In a nutshell: Attackers within the same network or at 10–30 meters range can disrupt Apple background services or bypass security checks in Samsung and Google Quick Share through three AirDrop and three Quick Share flaws.
CISPA researchers have identified six critical vulnerabilities in the file-sharing protocols AirDrop and Quick Share. Attackers within radio range can use them to disable services or circumvent security checks.
Arash Ale Ebrahim and Nils Ole Tippenhauer from CISPA Helmholtz Centre for Information Security have disclosed six security vulnerabilities in AirDrop (Apple) and Quick Share (Google/Samsung). An attacker within radio range of approximately 10 to 30 meters or on the same local network can exploit these flaws without requiring prior device pairing or user confirmation. The affected services are installed on more than five billion active Apple and Android devices.
In AirDrop, all three discovered vulnerabilities lead to crashes of the background service sharingd on iOS and macOS. Since sharingd is also responsible for AirPlay, Handoff, the universal clipboard, Continuity Camera, and NameDrop, a single flaw disables multiple functions simultaneously.

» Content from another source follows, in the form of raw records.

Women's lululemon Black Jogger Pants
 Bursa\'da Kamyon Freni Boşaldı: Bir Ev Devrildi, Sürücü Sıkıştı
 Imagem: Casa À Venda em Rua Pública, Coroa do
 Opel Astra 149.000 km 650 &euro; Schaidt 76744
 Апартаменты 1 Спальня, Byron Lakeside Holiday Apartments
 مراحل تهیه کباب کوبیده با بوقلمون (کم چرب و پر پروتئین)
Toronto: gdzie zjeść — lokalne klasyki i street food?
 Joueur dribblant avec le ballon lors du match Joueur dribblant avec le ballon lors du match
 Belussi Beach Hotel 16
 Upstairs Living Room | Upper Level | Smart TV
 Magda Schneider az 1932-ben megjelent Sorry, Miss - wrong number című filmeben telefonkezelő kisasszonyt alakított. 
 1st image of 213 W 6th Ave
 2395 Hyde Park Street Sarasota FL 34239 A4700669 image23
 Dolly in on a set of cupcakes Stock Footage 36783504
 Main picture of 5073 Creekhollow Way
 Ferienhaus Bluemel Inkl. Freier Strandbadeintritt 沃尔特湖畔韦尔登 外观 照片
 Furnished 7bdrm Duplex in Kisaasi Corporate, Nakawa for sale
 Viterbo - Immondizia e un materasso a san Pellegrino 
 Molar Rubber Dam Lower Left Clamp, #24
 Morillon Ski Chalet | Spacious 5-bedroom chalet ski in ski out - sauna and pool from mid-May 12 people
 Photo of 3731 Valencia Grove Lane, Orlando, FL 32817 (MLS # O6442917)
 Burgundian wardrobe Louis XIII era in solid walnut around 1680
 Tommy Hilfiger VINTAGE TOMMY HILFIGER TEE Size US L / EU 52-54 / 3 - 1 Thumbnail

The simplest attack requires repeatedly sending manipulated requests every two seconds to devices with publicly visible AirDrop; this blocks legitimate transfers. Another vulnerability is based on a stack overflow in the XML property list parser of the Foundation Framework, triggered by roughly 200 nested levels in a file. Apple patched one of the three AirDrop vulnerabilities with updates released on June 29 for iOS and macOS 26.5.2; two others remain under coordinated disclosure.
In Quick Share on Samsung devices, two implementation flaws allow bypassing the mandatory handshake. An unverified device can control the connection before encryption is established; furthermore, control messages can be transmitted unencrypted to force a connection into the “Accepted” status. Testing was conducted on the Galaxy S23 Ultra.
The most critical vulnerability affects Google’s Quick Share for Windows: a use-after-free memory flaw in colliding connections. In the source code, a developer comment already existed regarding the original race condition bug with EncryptionRunner; the repair led to the new vulnerability. Google closed this flaw via code fix and paid a bounty; CVE assignment is still pending. The Samsung flaws are still under investigation. To date, there are no reports of active exploitation.
As temporary protective measures, the researchers recommend restricting the visibility of AirDrop and Quick Share to contacts only, or disabling them completely if file sharing is not required.